- What to work on
Transcribe the records below in their entirety, and leave out each image.

- Materials provided
=-=-=-=-=

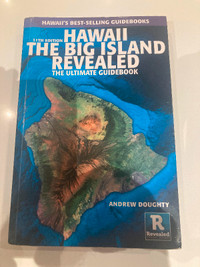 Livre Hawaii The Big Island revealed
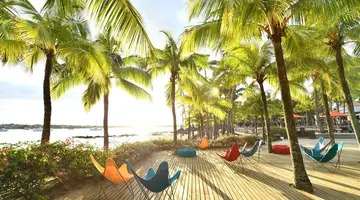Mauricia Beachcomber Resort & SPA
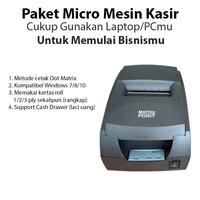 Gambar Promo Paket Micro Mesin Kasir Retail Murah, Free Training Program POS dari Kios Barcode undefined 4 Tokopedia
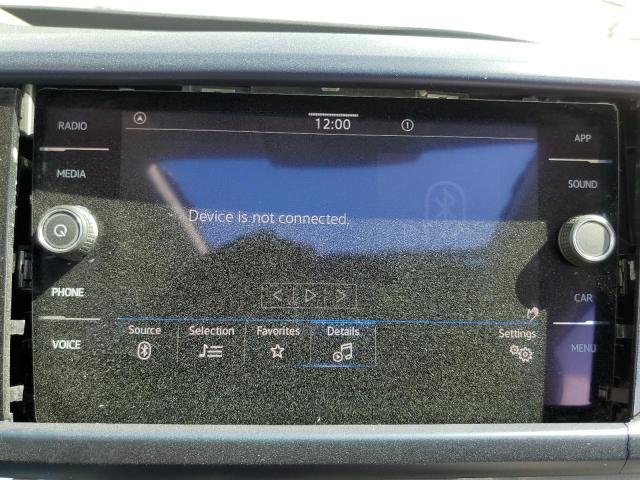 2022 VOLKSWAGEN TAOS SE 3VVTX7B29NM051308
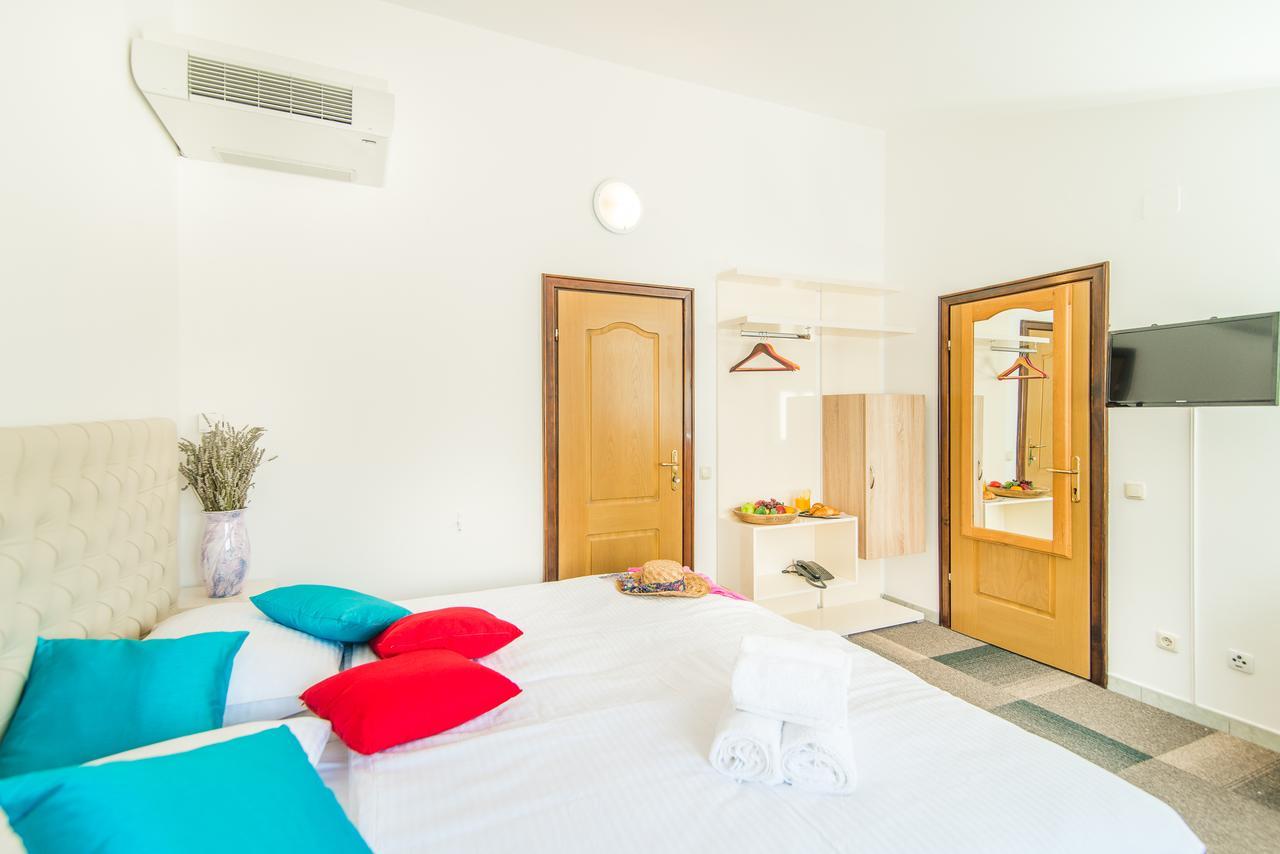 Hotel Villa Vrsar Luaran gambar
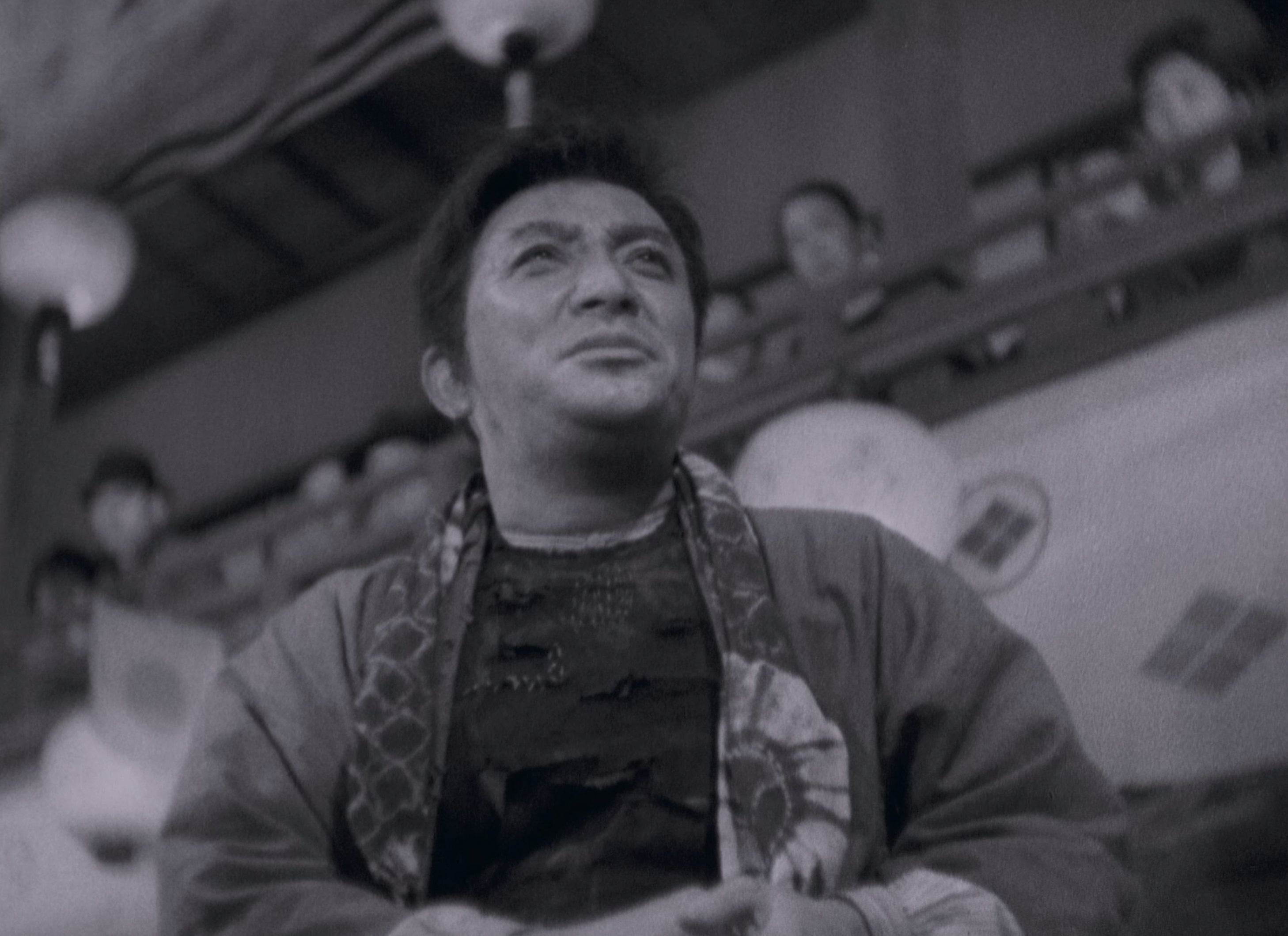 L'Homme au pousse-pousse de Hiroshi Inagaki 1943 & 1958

=-=-=-=-=

- Exercise response
 Livre Hawaii The Big Island revealed
Mauricia Beachcomber Resort & SPA
 Gambar Promo Paket Micro Mesin Kasir Retail Murah, Free Training Program POS dari Kios Barcode undefined 4 Tokopedia
 2022 VOLKSWAGEN TAOS SE 3VVTX7B29NM051308
 Hotel Villa Vrsar Luaran gambar
 L'Homme au pousse-pousse de Hiroshi Inagaki 1943 & 1958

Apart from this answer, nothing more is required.